• _Data in this exercise_
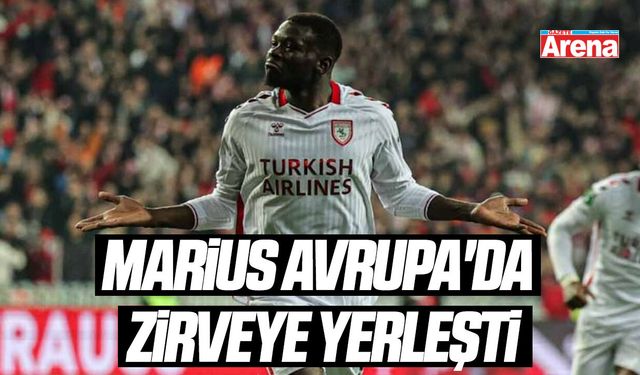 Marius Avrupa'da zirveye yerleşti
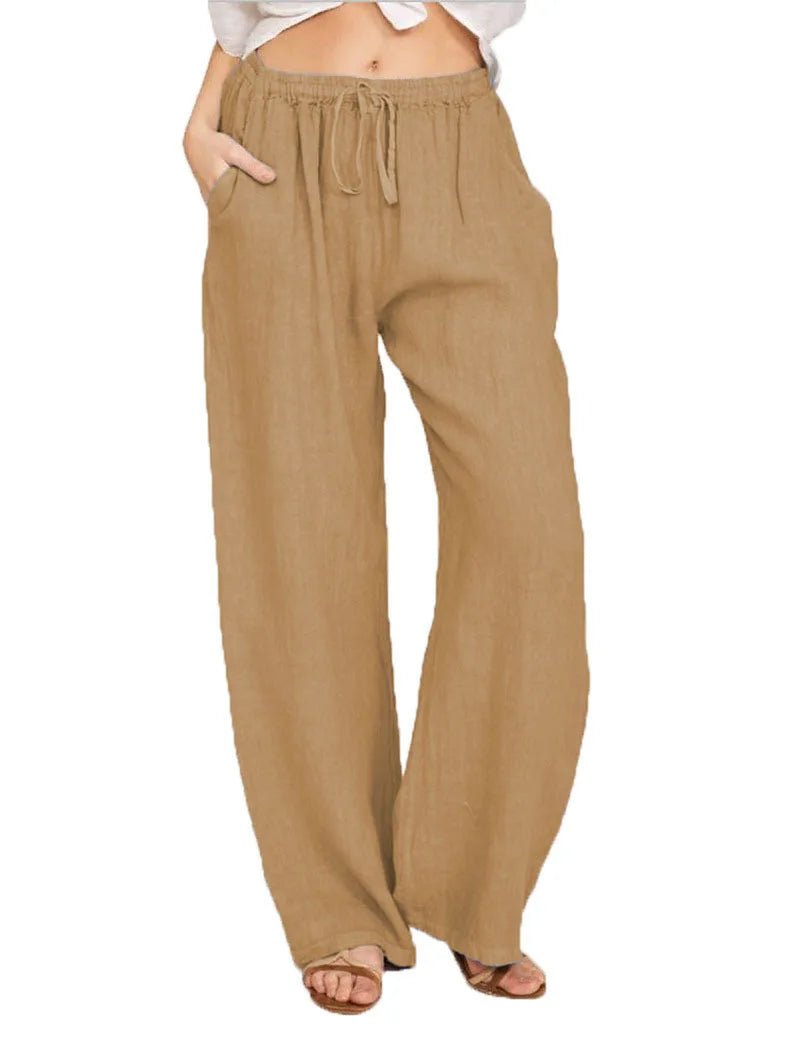 Men's Loose Straight Casual Pants – Drawstring Waist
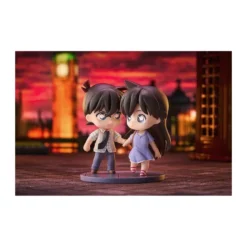 GoodSmile - Qset Shinichi Kudo & Ran Mori - Pack 2 figurines Detective Conan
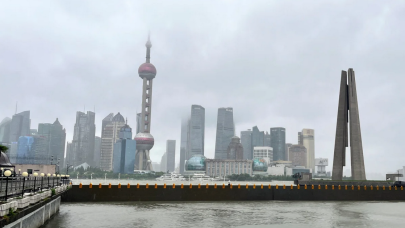 Şanghay,  Bebinca Tayfunu'nun  şiddetli etkisi altında!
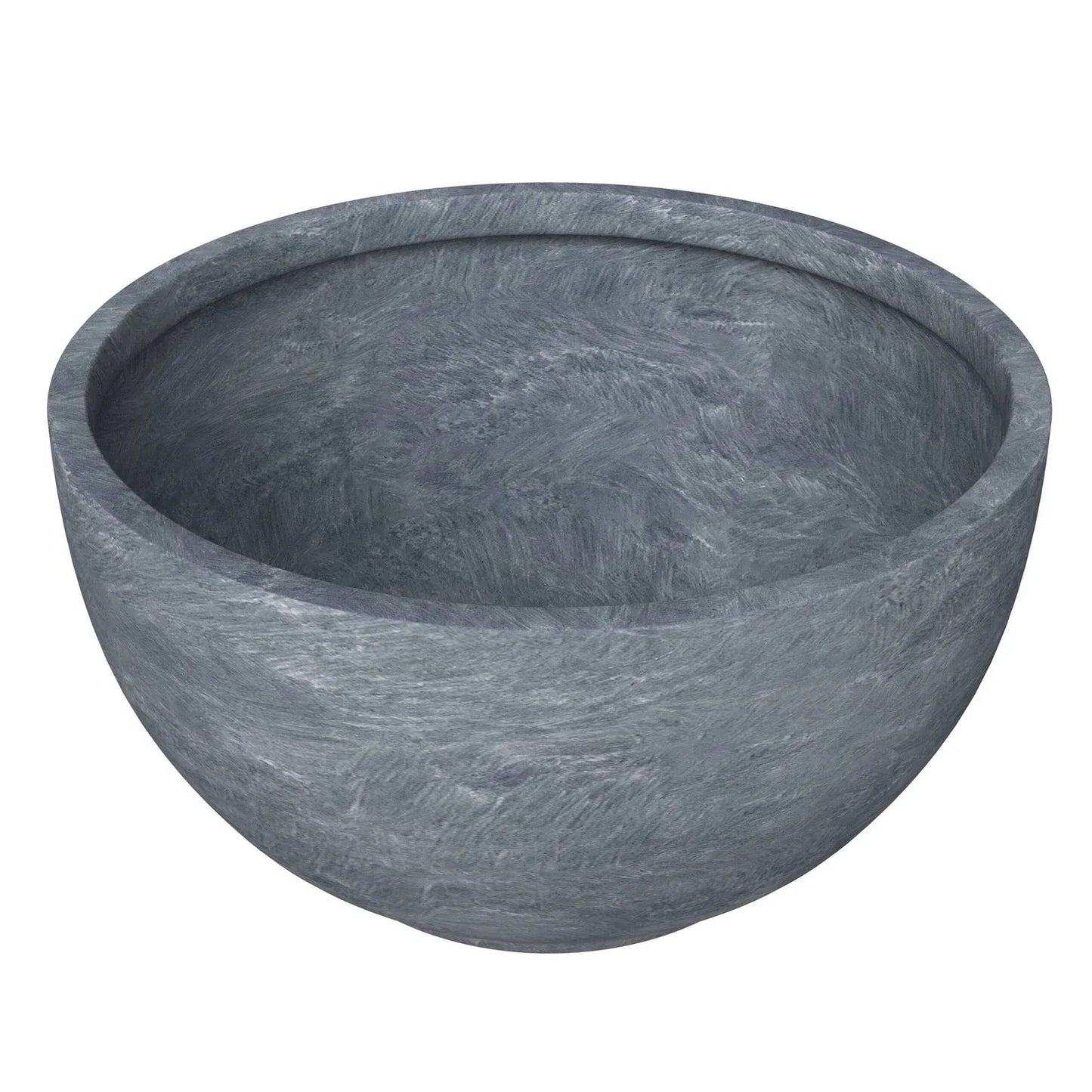 Grove Modern Fiberstone Round Planter Weather Resistant Design Plant Pot - Elax Furniture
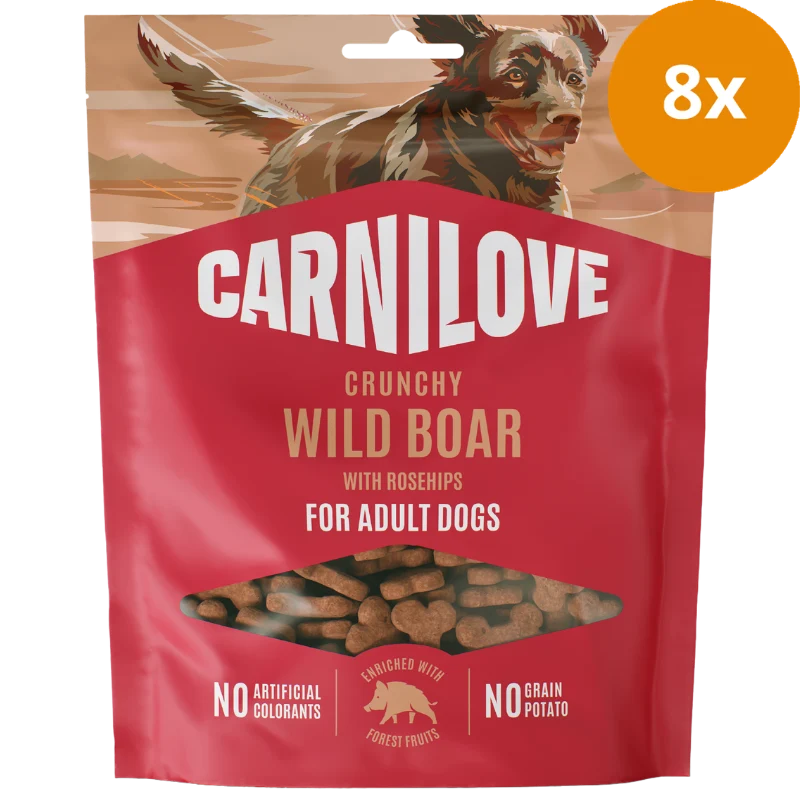 Carnilove Dog Snack Crunchy Wild Boar & Rose 200 g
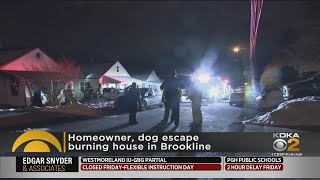 Homeowner, Dog Escape Fire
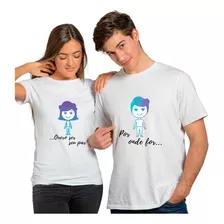 Conjunto Camiseta Casal Dia Dos Namorados Por Onde For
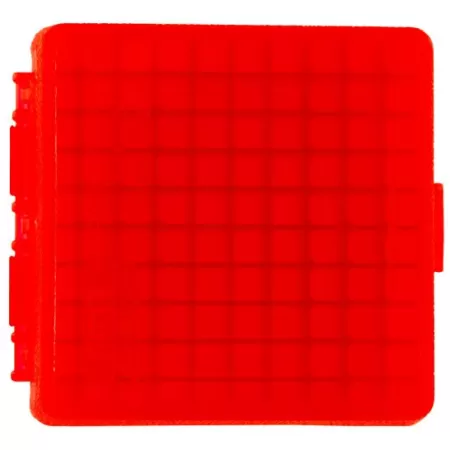 MTM Flip-Top For 22 Mag - 17 HMR 100 Round Clear Red Ammo Box (P-100-22M-29)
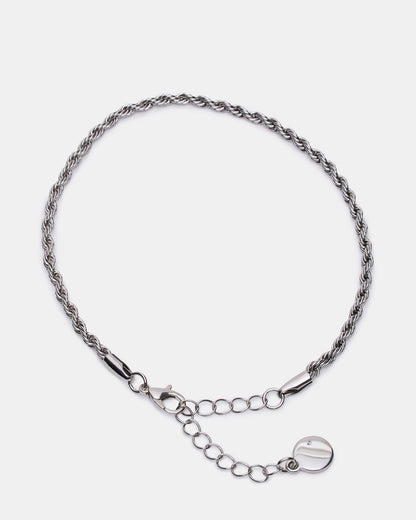 ROPE CHAIN ANKLET SILVER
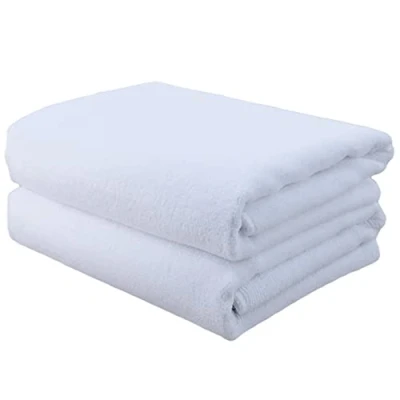Imagen de Polyte Toalla de Microfibra antipelusa para el Cabello Secado rápido Profesional 50 x 101 cm Pack 2 (Blanca)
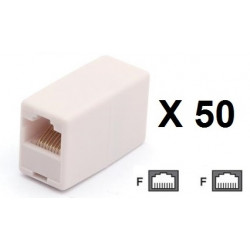 50 Electric extension cable adapter coupler 8p8c female female rj45 join rj45 rj45 electric extension cable electric extension c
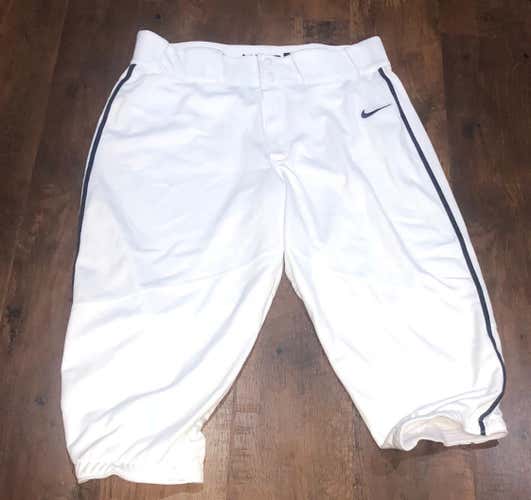 New Nike Vapor Pro Piped High Half Knee Baseball Pants MENS L 747225-107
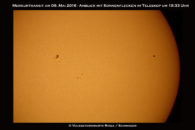 Merkur mit Sonnenflecken
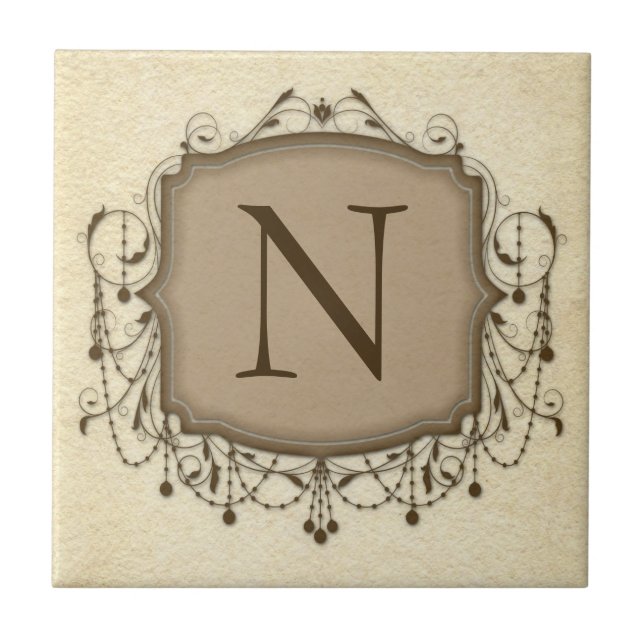 Personlig Brev Tiles, Decorative Chandelier N Kakelplatta (Framsidan)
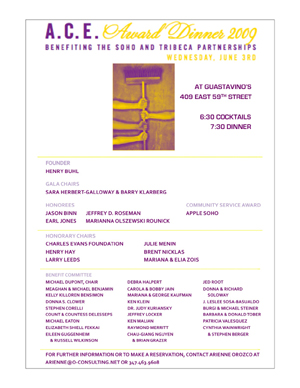A.C.E. Gala Awards Dinner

• _Exercise requirements_
The records above should be written out in full and unchanged, except that pictures are dropped.

• _Solved exercise_
 Marius Avrupa'da zirveye yerleşti
 Men's Loose Straight Casual Pants – Drawstring Waist
 GoodSmile - Qset Shinichi Kudo & Ran Mori - Pack 2 figurines Detective Conan
 Şanghay,  Bebinca Tayfunu'nun  şiddetli etkisi altında!
 Grove Modern Fiberstone Round Planter Weather Resistant Design Plant Pot - Elax Furniture
 Carnilove Dog Snack Crunchy Wild Boar & Rose 200 g
 Homeowner, Dog Escape Fire
 Conjunto Camiseta Casal Dia Dos Namorados Por Onde For
 MTM Flip-Top For 22 Mag - 17 HMR 100 Round Clear Red Ammo Box (P-100-22M-29)
 ROPE CHAIN ANKLET SILVER
Imagen de Polyte Toalla de Microfibra antipelusa para el Cabello Secado rápido Profesional 50 x 101 cm Pack 2 (Blanca)
 50 Electric extension cable adapter coupler 8p8c female female rj45 join rj45 rj45 electric extension cable electric extension c
 New Nike Vapor Pro Piped High Half Knee Baseball Pants MENS L 747225-107
 Merkur mit Sonnenflecken
 Personlig Brev Tiles, Decorative Chandelier N Kakelplatta (Framsidan)
A.C.E. Gala Awards Dinner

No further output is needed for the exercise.